Four grannies, who are from an RV parked at the end of the tent row, strut the periphery of the campground, pulled forward by chihuahuas. The four dogs run their legs in a blur, aiming to stay ahead of the women. Two bosomy grannies walk on the outside, waving and smiling at people sitting at picnic tables.

“Nice evening,” a granny calls, and “Hello, how are you?” I suspect the women would like folks to notice their dogs.

“Cute dogs,” I say as the parade passes.

“This one, he's a mess,” one granny replies, and bends over to touch the dog.

Another granny points to her dog. “I've had her 11 years.”

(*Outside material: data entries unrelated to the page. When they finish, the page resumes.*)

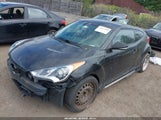 Hyundai Veloster Turbo W/Blue KMHTC6AE8DU152734 photo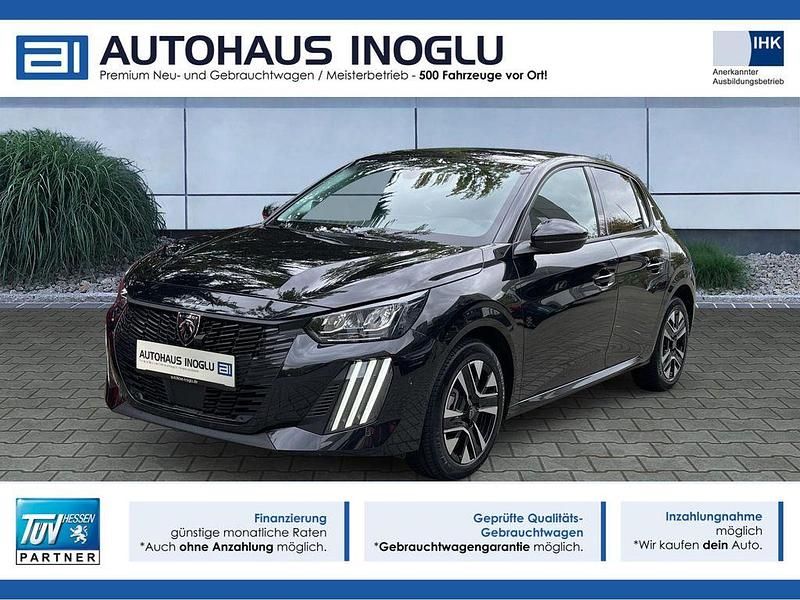 Perla nera schwarz Gebraucht 2025 Peugeot 208 Allure Kleinwagen | 21.180 € - Bild 1/4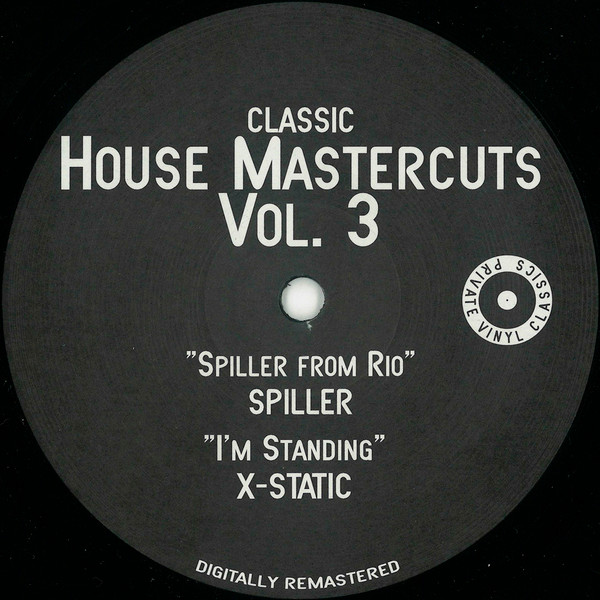 Classic House Mastercuts Vol. 3
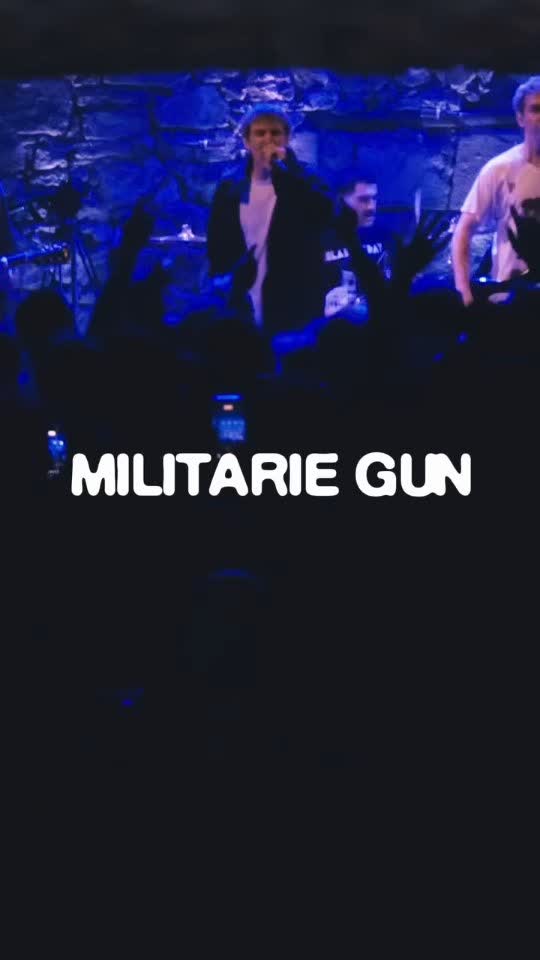 Tuesday's show with Militarie Gun + Softcult + Shady Nasty + Dazy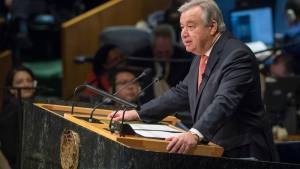 ΓΓ ΟΗΕ: Παράδειγμα προς μίμηση η Συμφωνία των Πρεσπών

Another says of her dog, “He's having the time of his life.”

“I can see that.”

Later, the temperature is ideal for sleeping. My dogs have crashed, tired from a long walk on the desert, but I don't sleep because of incessant yapping. I wonder if it's the chihuahua whose owner admits he's a mess. Or maybe the crew of chihuahuas takes turns, to make sure it's never quiet. Why don't the grannies notice the yapping? Too many pina coladas? Or did they turn their hearing aids off at bedtime?



A nice-looking middle-aged couple stops at the table where I am sitting in a book store. The man picks up a book and studies the handsome Border collie on the cover.

“I suppose I should buy this for my wife. She likes our dog better than me.”

The woman smiles.

“She believes the dog is superior,” the man says while I'm signing a book for his wife.

I suggest, “There's probably something you do better than the dog.”

“Of course! I'm a better conversationalist.”

The couple walks off. The woman turns around and behind the man's back mouths the words, "He's really not.”